今回の改正では、財産目録を添付する場合にその財産目録については自書でなくてもよいこととなりました。
具体的には、財産目録のページ毎に自書押印すればよいこととなります。
自筆証書遺言の保管制度の創設
現状、自筆証書遺言は自分で保管しなければならず、最悪遺言書自体が発見されない可能性もあります。
今回の改正で、
- 遺言者は法務局に遺言書の保管を請求することができる
- 遺言者は遺言書を保管している法務局に対し、遺言書の返還または請求することができる
- 上記1、2の請求は遺言者が自ら法務局に出頭して行う
- 何人も自己を相続人とする被相続人の遺言書または自己を受遺者とする遺言書については、法務局に対しその遺言書を保管している法務局等の名称を証明する書面の交付を請求することができる。ただし、遺言者の生存中にあってはこの限りでない。

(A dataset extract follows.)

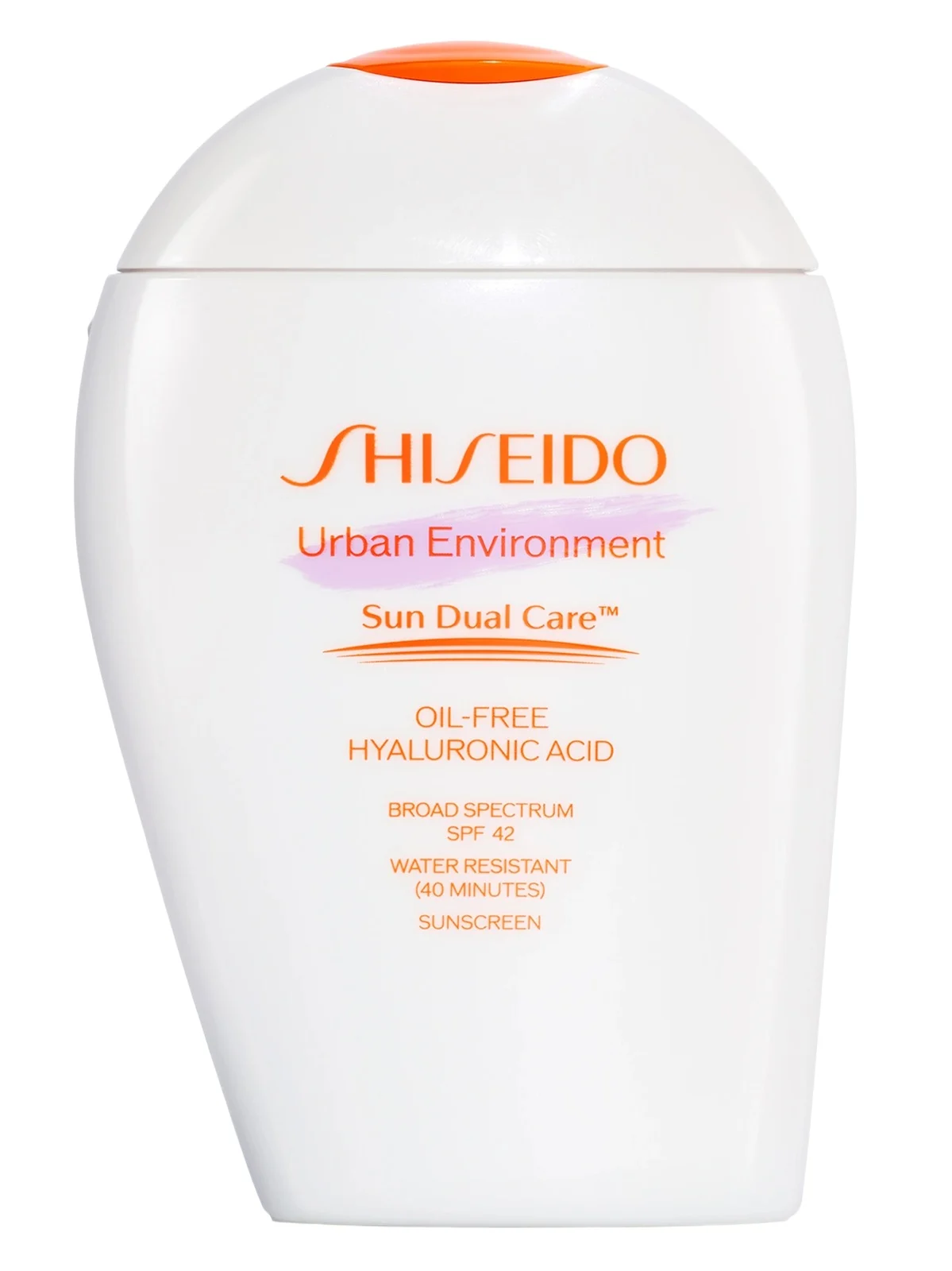 Urban Environment Oil-Free SPF 42 Sunscreen Urban Environment Oil-Free SPF 42 Sunscreen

- 何人も4の遺言書を保管している法務局に対し、その遺言書の閲覧を請求できる。ただし、遺言者の生存中にあってはこの限りでない
- 法務局は5の閲覧をさせたときは、5の閲覧の請求をした相続人以外の相続人等に対し、遺言書を保管している旨を通知しなければならない。
こととなりました。
その他、遺贈の担保責任等の明確化、遺言執行者の権限の明確化などが改正点として挙げられています。
遺留分制度に関する見直し
遺留分減殺請求権の効力及び法的性質の見直し
現行の民法1031条は「遺留分を保全するのに必要な限度で、(中略)減殺を請求することができる」となっています。
今回の改正で、
「遺留分侵害額に相当する金銭の支払いを請求することができる」となります。
つまり減殺請求者は債権、受遺者または受贈者については債務が発生し、受遺者または受贈者はその遺留分侵害額を負担することとなります。
遺留分侵害額については、遺贈または贈与の目的の価額が限度となりますが、受遺者または贈与者が遺留分侵害額を負担すると明確に規定することで、偏った遺産分割を防止している形となっています。
遺留分の算定方法の見直し
現状、遺留分は過去の贈与分すべて持ち戻されて算定されます。
今回の改正で、
相続人に対する贈与は相続開始前10年間、相続人以外の者にされた贈与は相続開始前1年間にされたものに限られることとなりました。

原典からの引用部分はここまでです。